Memory (QMD Hybrid Search)
KubeClaw ships QMD as the default memory backend. QMD is a local-first hybrid search sidecar that combines three retrieval strategies into a single ranked result set:
- BM25 full-text search for precise keyword matching
- Vector similarity search for semantic recall via embeddings
- MMR (Maximal Marginal Relevance) reranking to balance relevance with diversity
QMD is deployed automatically as an init container and two CronJobs. No external services or databases are required.
How it works
At pod startup, the qmd-init initContainer (using the oven/bun image) installs the QMD CLI into a shared emptyDir volume at /qmd-bin. The Gateway's PATH is updated to include this directory so agents can invoke QMD directly.
When an agent queries memory, QMD runs a three-stage pipeline:
- BM25 lexical pass scores documents by term frequency and inverse document frequency
- Vector pass computes cosine similarity between the query embedding and pre-built document embeddings
- MMR reranking merges both result sets, promoting documents that are both relevant and non-redundant
The default hybrid weights are 70% vector, 30% text. These weights are configured in the gateway config under the hybrid search section.
CronJobs
Two CronJobs keep the search index current. Both iterate through all agent directories, processing each agent that has an active state directory.
Update job
Re-indexes markdown content into the BM25 search index.
| Key | Default | Description |
|---|---|---|
qmd.update.enabled | true | Enable the update CronJob |
qmd.update.schedule | */5 * * * * | Cron schedule (default: every 5 minutes) |
Embed job
Generates and refreshes vector embeddings using node-llama-cpp with GGUF models (~0.6 GB).
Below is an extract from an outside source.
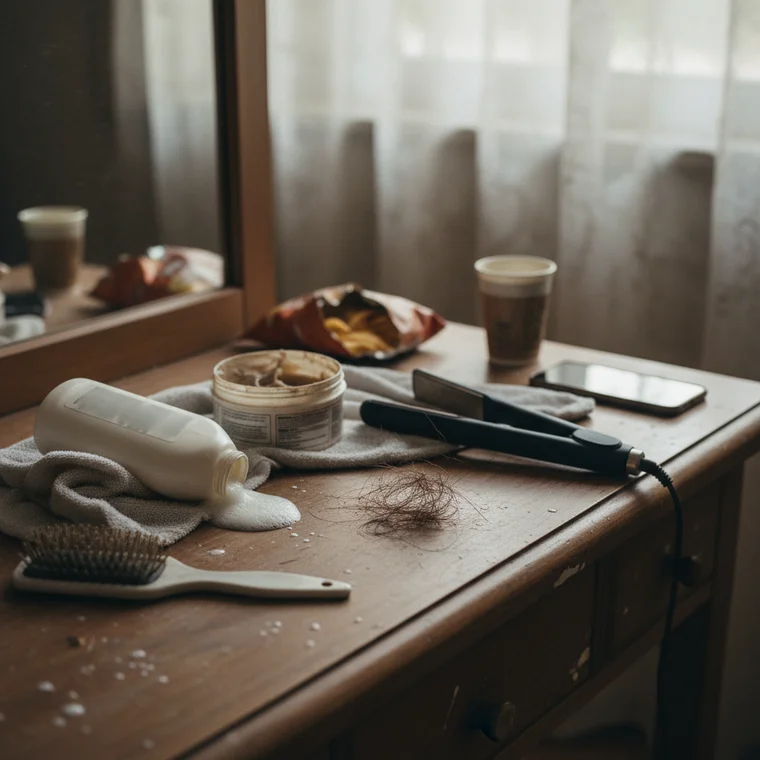 Jak dbać o włosy po keratynowym prostowaniu - 7 błędów, które musisz znać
| Key | Default | Description |
|---|---|---|
qmd.embed.enabled | true | Enable the embed CronJob |
qmd.embed.schedule | */15 * * * * | Cron schedule (default: every 15 minutes) |
Embed resources
The embedding job is the most resource-intensive QMD component. Default limits:
qmd:
embed:
resources:
requests:
cpu: 500m
memory: 512Mi
limits:
cpu: "2"
memory: 2Gi
If your cluster is resource-constrained, reduce the limits and extend the embed schedule. The update job is lightweight and rarely needs tuning.
Disabling QMD
To disable QMD entirely, set both CronJobs to disabled:
qmd:
update:
enabled: false
embed:
enabled: false
The init container is gated on memory being enabled in the chart. Disabling both jobs also skips the init container, so no QMD components are deployed.